Babette Mangolte
BROADWAY 1602 | Uptown
For more than three decades filmmaker Babette Mangolte has documented, in still and moving images, the performances of artists and dancers, from her early chronicling of the work of Yvonne Rainer to her recording of Marina Abramović’s Seven Easy Pieces at the Solomon R. Guggenheim Museum in 2005. Considering that she is esteemed as a director of splintered, nonnarrative, highly subjective experimental films and of equally exploratory documentaries (about Robert Bresson’s 1959 film Pickpocket, for example), it is a wonder that this was Mangolte’s first US solo exhibition. Forty-five black-and-white photographs, most from the mid to late ’70s, inhabited a room, a hallway, and an office in this apartment gallery.

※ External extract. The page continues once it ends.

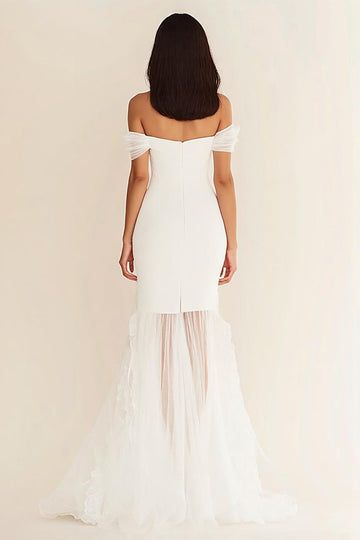 Off the Shoulder Sjöjungfru Vit Lång Bröllopsklänning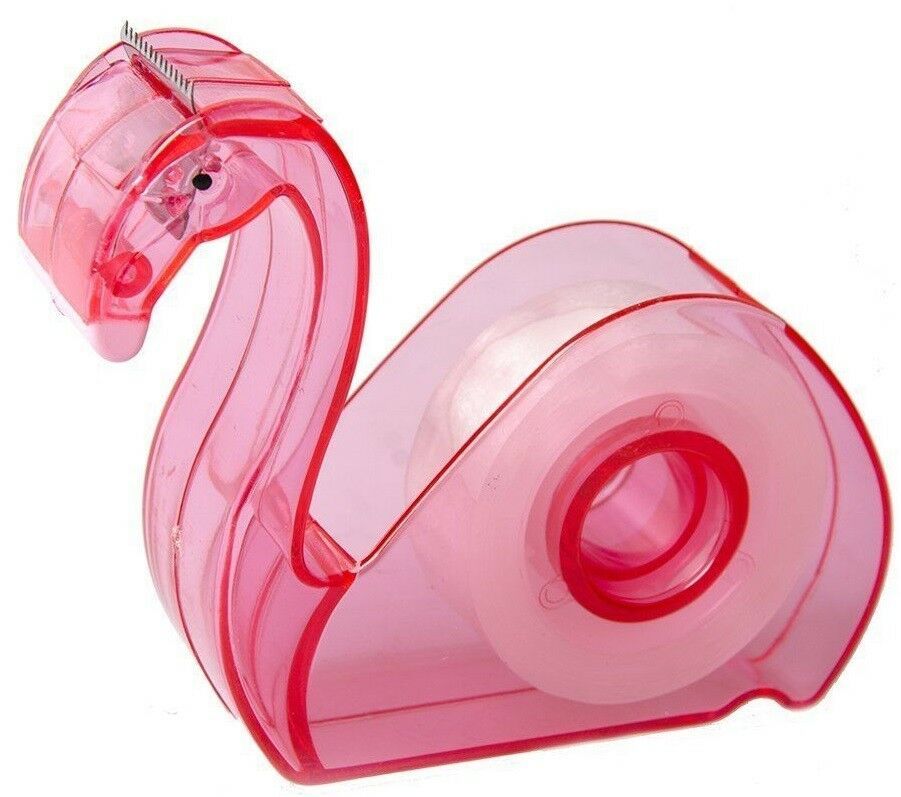 Pink Flamingo Tape Dispenser Refillable w/Clear Tape 3/4 Inch Desk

Yvonne Rainer, Cape Cod 1972, one of the earliest images in the show, is a head shot of the choreographer facing away from the camera. Rainer’s dark bob sways in a slight breeze, wisps of cloud scud across the sky, and a small patch of distant land is discernible over her right shoulder. It is a striking image that refuses to conform to the conventions of portraiture. The photograph was commissioned by the editors of Avalanche magazine, a bible of postminimalism and Conceptual art, for a cover story on the dancer, yet for reasons left unexplained was never used—an exclusion that resonates with Mangolte’s own marginalization in the canon of 1970s art. Hung nearby was a production still, titled Roof, 1974, from Mangolte’s film What Maisie Knew (1975) that reprises the pose. Here, Rainer stands, again facing away from the viewer, on a rooftop alongside seven other figures, who outline a rectangle as they face each other.
These are two among several photographs populated by legends of the downtown scene, from Philip Glass to Trisha Brown, Simone Forti to Robert Whitman. Richard Serra, crowned by an eccentric shock of hair, stares down the lens. Many images show bodies in motion across the clearing made by an audience hunkered on the floor; all the shots are gracefully composed and highly evocative of their milieus. Mangolte, whose photographs have often been included in museum surveys of performance art and dance, is here shown once again to have played a major role in determining how we visualize the period, her modest reputation as an artist in her own right notwithstanding.
The exhibition also included “Composite Buildings,” 1978, a series of collages using multiple photographs depicting the same building or streetscape. These works, exhibited individually or in small groups, evidence Mangolte’s preoccupation with the artistic concerns prevalent in the late ’70s: seriality, logical permutation, documentary candor, the infrastructure of the urban environment, even metatextual commentary, as in a picture of “Composite Buildings” photographs scattered on the artist’s P.S. 1 studio floor. By seamlessly hinging two prints of a photo of one loft building; by running side by side minutely varied double portraits of the Western Union Building’s facade, sometimes creating an urban herringbone pattern; and by adjusting slightly the frame of her picture of some Canal Street buildings, Mangolte cleverly confuses positive and negative space, undermines the stolidity of the squat brick structures, and generally presents as strange that which is familiar.
As such, the appeal of these images is great, even without taking into consideration the nostalgia induced by looking at buildings that are no longer extant in a newly moneyed Tribeca. This cannily staged exhibition, presenting first a context in which to place the artist, then an introductory taste of her work, whetted the appetite for further material from this longtime downtown denizen.